Our fridge has it's hinge towards the cab, so if it does go, it really goes, I was intending swapping it around when the repair man came, but he couldn't get the flaming thing out either, not been back yet either, had to get it repaired elsewhere.

Our first vans door lock wasn't even there, it just had a rivet dropped through a hole, never failed, they over engineer everything these days.

Kev.


----------



## erneboy (Feb 8, 2007)

bubble63 said:


> what are the chances of my family respecting the new fridge door rule?
> regds neill


Friends have broken ours twice trying to close the door with the catch in the lock position.

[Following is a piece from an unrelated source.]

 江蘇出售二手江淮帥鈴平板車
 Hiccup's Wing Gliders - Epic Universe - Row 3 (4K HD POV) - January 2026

It is very easy to make a metal replacement which will not break, just use the silly little cast part as a template, Alan.


----------



## shaysue (Mar 8, 2010)

Hi All
Many thanks for the advice & comments. Seems to be a common enough issue. Will get replaced and be more aware of overloading the door. 
Great to get so much assistance.

Shay


----------



## Autoquest (May 16, 2007)

Jam ours every season, easily unjammed but we have to put a small piece of grey sticky tape over the catch for travel else we end up with the contents rolling round the clutch pedal :roll:


----------



## DTPCHEMICALS (Jul 24, 2006)

I simply pop a screw in the hole on the top of the door.
A golf tee may also do the job.

Dave p


----------



## Rosbotham (May 4, 2008)

Gaffer taped ours together. Will get a replacement when it comes to sell the van, but not wasting money before then...it'll only break again.

Paul


----------